The dataset consists of 61 audio recordings totaling 3 h 14 min. Four clusters were identified for callers and 3 for dispatchers. Two main dialogue phases were identified: interrogation and contractualization. The diarization model achieved a 10.4 % error rate. Speech recognition word error rates were 35.8 % for Whisper, 24.8 % for the CTC-wav2vec model fine-tuned on ESLO2, and 16.1 % after in-domain fine-tuning.

Conclusion

We propose a French open medical dispatch dialogue dataset and an expert-validated schema of the medical dispatch dialogue based on unsupervised analysis. Notable gaps in how well speech recognition models generalize underscore the need for targeted, in-domain fine-tuning in this specialized application. SIMSAMU is designed to support this effort by serving as a benchmark for evaluating domain-adapted speech recognition and dialogue modeling strategies.

查看原文本刊更多论文

一个法国医疗调度对话开放数据集

背景调度服务（DS）对紧急医疗服务（EMS）至关重要。调度员使病人在紧急情况下，在有限的时间和资源内，随时随地获得医疗援助。基于人工智能的决策支持工具为调度员带来了巨大的希望。开发这些工具需要特定于医疗领域的数据。医疗调度对话是独特的：它是在紧急情况下，在有限的时间内，不进行身体检查的简短电话交流。我们的主要目标是(i)创建一个开放的法语医疗调度对话数据集。我们的次要目标是（ii）使用无监督方法从该数据集开发详细的医疗调度方案，以及（iii）用法语提供该领域的数字化和语音识别模型的基线评估。方法从2022年到2023年，急诊医学初级医生模拟真实的医疗调度呼叫。这些呼叫被记录下来并转录成SIMSAMU语料库。我们开发了一个基于(i)记录分析，（ii）数据驱动的话语类型学和（iii）领域专业知识的调度方案。通过对SIMSAMU上的BERT嵌入进行微调，得到表征的分层聚类，从而得到话语类型。群集被映射到Roter相互作用分析系统（RIAS），并纳入我们的调度方案。SIMSAMU用于训练和评估最先进的神经网络模型，用于拨号和语音识别。Diarization使用了PyaNet模型，并对ESLO2数据集进行了微调。与多语言Whisper模型相比，语音识别使用了带有预训练的wav2vec 2.0嵌入的CTC模型。在SIMSAMU上进一步对CTC-wav2vec模型进行了微调，并通过留一个扬声器的交叉验证进行了评估。结果该数据集由61段录音组成，总计3小时14分钟。呼叫者分为4组，调度员分为3组。确定了两个主要的对话阶段：审问和契约化。该模型的错误率为10.4%。在ESLO2上微调的cbc -wav2vec模型的语音识别错误率为35.8%，在域内微调后的错误率为16.1%。我们提出了一个法国开放医疗调度对话数据集和一个基于无监督分析的专家验证的医疗调度对话模式。语音识别模型泛化程度的显著差距强调了在这一专门应用中需要有针对性的、领域内的微调。SIMSAMU旨在通过作为评估领域适应语音识别和对话建模策略的基准来支持这一努力。
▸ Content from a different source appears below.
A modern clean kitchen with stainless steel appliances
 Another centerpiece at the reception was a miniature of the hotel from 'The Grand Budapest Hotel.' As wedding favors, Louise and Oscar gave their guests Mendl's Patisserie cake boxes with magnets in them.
本文章由计算机程序翻译，如有差异，请以英文原文为准。

求助全文

约1分钟内获得全文求助全文

来源期刊

Computer methods and programs in biomedicine 工程技术-工程：生物医学

CiteScore

12.30

自引率

6.60%

发文量

601

审稿时长

135 days

期刊介绍： To encourage the development of formal computing methods, and their application in biomedical research and medical practice, by illustration of fundamental principles in biomedical informatics research; to stimulate basic research into application software design; to report the state of research of biomedical information processing projects; to report new computer methodologies applied in biomedical areas; the eventual distribution of demonstrable software to avoid duplication of effort; to provide a forum for discussion and improvement of existing software; to optimize contact between national organizations and regional user groups by promoting an international exchange of information on formal methods, standards and software in biomedicine. Computer Methods and Programs in Biomedicine covers computing methodology and software systems derived from computing science for implementation in all aspects of biomedical research and medical practice. It is designed to serve: biochemists; biologists; geneticists; immunologists; neuroscientists; pharmacologists; toxicologists; clinicians; epidemiologists; psychiatrists; psychologists; cardiologists; chemists; (radio)physicists; computer scientists; programmers and systems analysts; biomedical, clinical, electrical and other engineers; teachers of medical informatics and users of educational software.